The user agent string is a header sent with every HTTP request that identifies the client software:

Mozilla/5.0 (Windows NT 10.0; Win64; x64) AppleWebKit/537.36 (KHTML, like Gecko) Chrome/122.0.0.0 Safari/537.36

This tells the server:

OS: Windows 10, 64-bit
Browser engine: WebKit/Blink
Browser: Chrome 122

Websites use this to:

Serve device-appropriate content (mobile vs desktop)
Detect bots (unusual or outdated user agents)
Identify scraper frameworks (Python's requests sends python-requests/2.28.0 by default)

The basics: always set a real user agent

import requests

# BAD - sends "python-requests/2.28.0" — immediately flagged
response = requests.get('https://example.com')

# GOOD - looks like a real browser
headers = {
    'User-Agent': 'Mozilla/5.0 (Windows NT 10.0; Win64; x64) AppleWebKit/537.36 (KHTML, like Gecko) Chrome/122.0.0.0 Safari/537.36'
}
response = requests.get('https://example.com', headers=headers)

Simple rotation pool

import requests
import random

USER_AGENTS = [
    # Chrome on Windows (most common)
    'Mozilla/5.0 (Windows NT 10.0; Win64; x64) AppleWebKit/537.36 (KHTML, like Gecko) Chrome/122.0.0.0 Safari/537.36',
    'Mozilla/5.0 (Windows NT 10.0; Win64; x64) AppleWebKit/537.36 (KHTML, like Gecko) Chrome/121.0.0.0 Safari/537.36',
    # Chrome on Mac
    'Mozilla/5.0 (Macintosh; Intel Mac OS X 10_15_7) AppleWebKit/537.36 (KHTML, like Gecko) Chrome/122.0.0.0 Safari/537.36',
    # Firefox on Windows
    'Mozilla/5.0 (Windows NT 10.0; Win64; x64; rv:124.0) Gecko/20100101 Firefox/124.0',
    # Safari on Mac
    'Mozilla/5.0 (Macintosh; Intel Mac OS X 14_3_1) AppleWebKit/605.1.15 (KHTML, like Gecko) Version/17.3.1 Safari/605.1.15',
    # Edge on Windows
    'Mozilla/5.0 (Windows NT 10.0; Win64; x64) AppleWebKit/537.36 (KHTML, like Gecko) Chrome/122.0.0.0 Safari/537.36 Edg/122.0.0.0',
]

def get_random_ua() -> str:
    return random.choice(USER_AGENTS)

def make_request(url: str) -> requests.Response:
    headers = {'User-Agent': get_random_ua()}
    return requests.get(url, headers=headers, timeout=15)

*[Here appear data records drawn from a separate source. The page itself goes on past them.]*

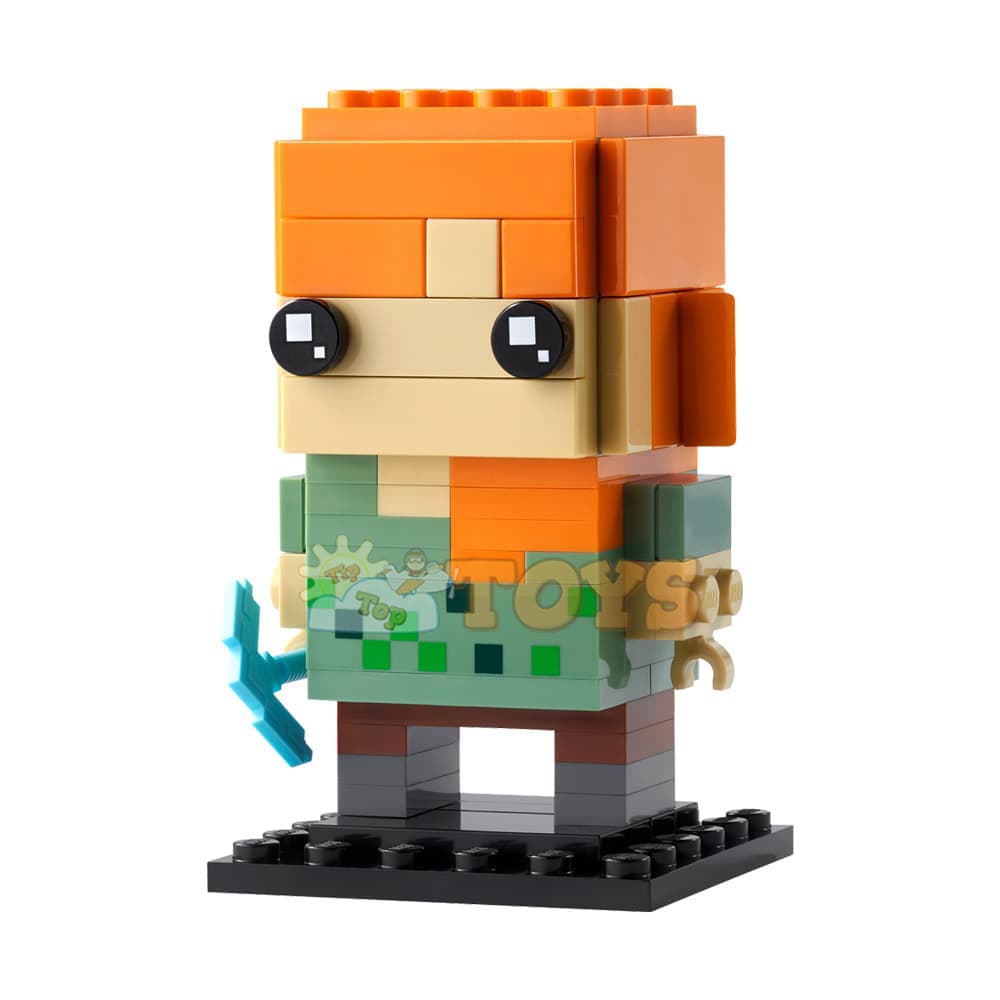 LEGO® BrickHeadz Alex 40624 - 86 piese Minecraft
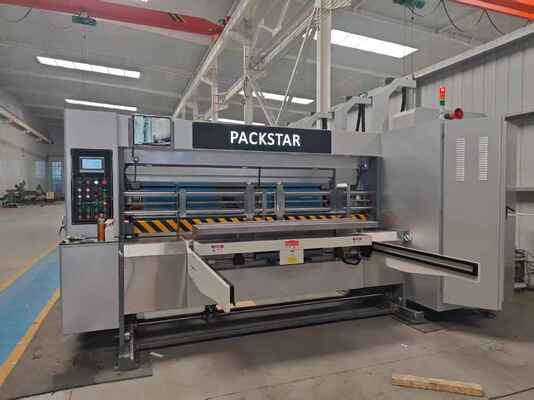 Automatische loodrandvoeding Flexo Printing Slotting Machine met 100-130m/min.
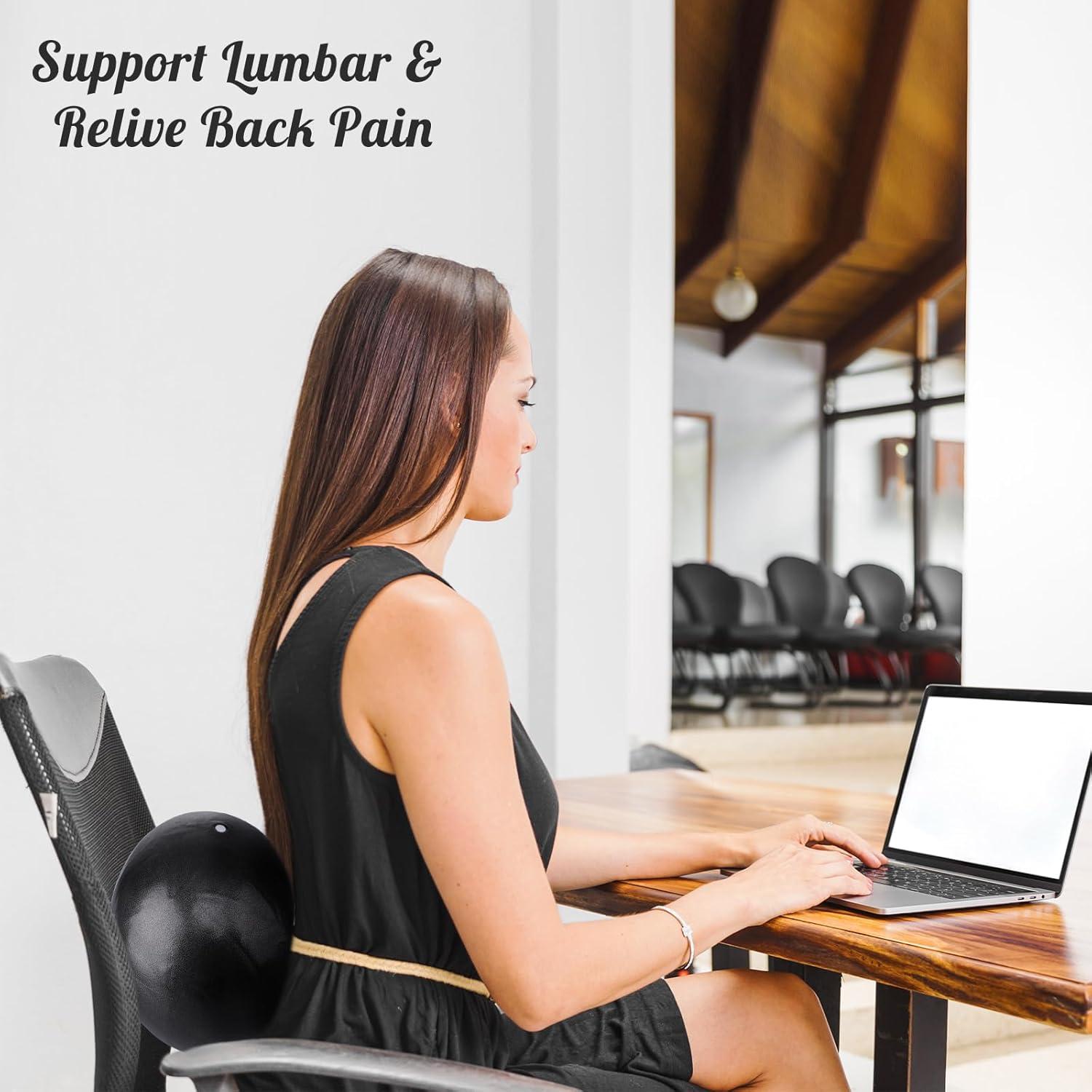 Pelota de Pilates Pimoys 22.86 cm PVC para Ejercicio y Yoga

Using fake-useragent library

from fake_useragent import UserAgent

ua = UserAgent()

def make_request(url: str) -> requests.Response:
    headers = {'User-Agent': ua.random}
    return requests.get(url, headers=headers, timeout=15)

# Specific browser types
chrome_ua = ua.chrome
firefox_ua = ua.firefox
mobile_ua = ua.random  # Sometimes returns mobile

print(ua.chrome)
# Mozilla/5.0 (Windows NT 10.0; Win64; x64) AppleWebKit/537.36 Chrome/120.0.0.0

Install: pip install fake-useragent

Stateful rotation: consistent sessions

Some sites track user agent consistency across requests. Using a different UA on every request looks suspicious. Maintain UA per session:

import requests
import random

USER_AGENTS = [...]

class ScrapingSession:
    def __init__(self):
        self.session = requests.Session()
        # Pick one UA for this session's lifetime
        self.user_agent = random.choice(USER_AGENTS)
        self.session.headers.update({'User-Agent': self.user_agent})

    def get(self, url: str, **kwargs) -> requests.Response:
        return self.session.get(url, **kwargs)

    def rotate_ua(self):
        """Call this when starting a new session/domain"""
        self.user_agent = random.choice(USER_AGENTS)
        self.session.headers.update({'User-Agent': self.user_agent})

# Example usage
session = ScrapingSession()
session.get('https://example.com')       # Request 1 - UA: "Chrome 122"
session.get('https://example.com/page2') # Request 2 - same UA: "Chrome 122"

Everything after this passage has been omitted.